The Tuolumne County Board of Supervisors last week took a positive step in development of a new law and justice center off Old Wards Ferry Road in Sonora.
To include a juvenile hall, a new jail, offices for the district attorney and public defender, a larger Highway Patrol headquarters and a civil and criminal courthouse, the project is badly needed. Studies ranging back nearly two decades have warned that present offices are inadequate and, more recently, several grand juries have urged action. Last month the Planning Commission — after hearing from the DA, the chief probation officer, the county sheriff and Sonora’s chief of police — endorsed the project.
Certification of the environmental impact report and approval of the required general plan amendment and rezonings, as recommended by County Administrator Craig Pedro, seemed the obvious course of action for supervisors.
So it was disappointing last week’s vote was not unanimous. Had dissenting board members Teri Murrison and John Gray persuaded just one more supervisor to join them, the law and justice center project would have gone back to square one. The Gardella family-owned Old Wards Ferry Road property would have been off the table, immediately saving the county some $4.1 million ($100,000 in “earnest money” would have been lost).
The savings, however, would have been short lived: Because the county’s proposed 30-bed juvenile detention facility would suddenly be without a site, the state would likely pull the $16 million in construction funds it promised last spring. Winning the money back would prove difficult if not impossible.
Then, a time-consuming search for a new law and justice center site — or many separate sites for its various components — would begin. Next would come a new EIR and, perhaps, opponents of the new location.
Much of the work would be repetitious, as Pedro and other county officials put a high priority on finding a centrally located site where neighbors would not complain.
Meanwhile, the clock would continue ticking, land and building prices would climb and existing facilities would continue to deteriorate.
Even the dissenting supervisors agree that the county’s present and widely scattered law and justice buildings and offices are cramped, antiquated and inefficient. Parking, communication and access problems that have plagued these offices for years would only worsen if nothing is done.
Many are concerned with the project’s estimated $253 million price tag, an otherworldly sum in these recession days.
But consider this: Pedro estimates that the state — because of the juvenile hall grant, jail construction funds, Sacramento’s responsibility for the courts and other funding — will cover at least $163 million of tab.
It’s important to remember that this significant, much-needed public works project is to be built over a long period of time as funding becomes available. We already know that the state would cover all of the courts building and the CHP headquarters costs, and nearly three-quarters of the juvenile hall price tag. As time goes on, more state and federal funds may well be available for other parts of the center, particularly the jail.
This massive infusion of state dollars will be of great benefit to our local economy, as the positive effect of construction dollars in any community is well documented.
As CAO Pedro told the board: “The need for the project is real. The property site is the right one — with no viable alternatives. The project can and will be responsibly funded over an extended period of time.”
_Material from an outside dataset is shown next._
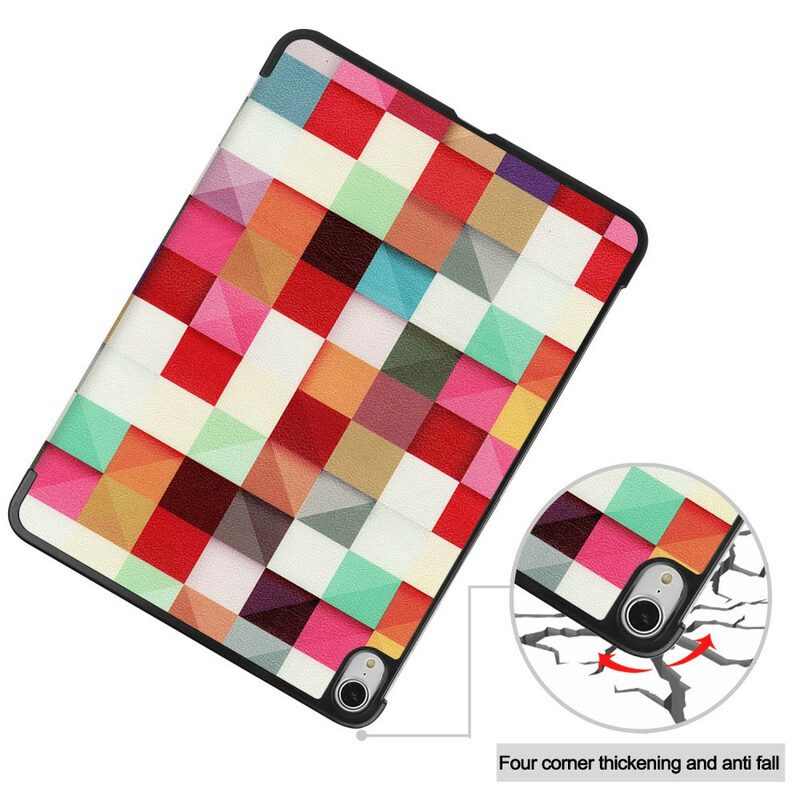 Bescherming Hoesje voor iPad Air (2022) (2020) Harlekijn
The next step will be an architectural design phase, which may take from 12 to 18 months. We salute county administrators and department heads for successfully bringing this beneficial project this far and staying focused on the ultimate goal.
The issue is clear; the need is compelling. We commend Supervisors Dick Pland, Liz Bass and Paolo Maffei for exercising the vision, foresight and leadership for the long-term benefit and interest of Tuolumne County.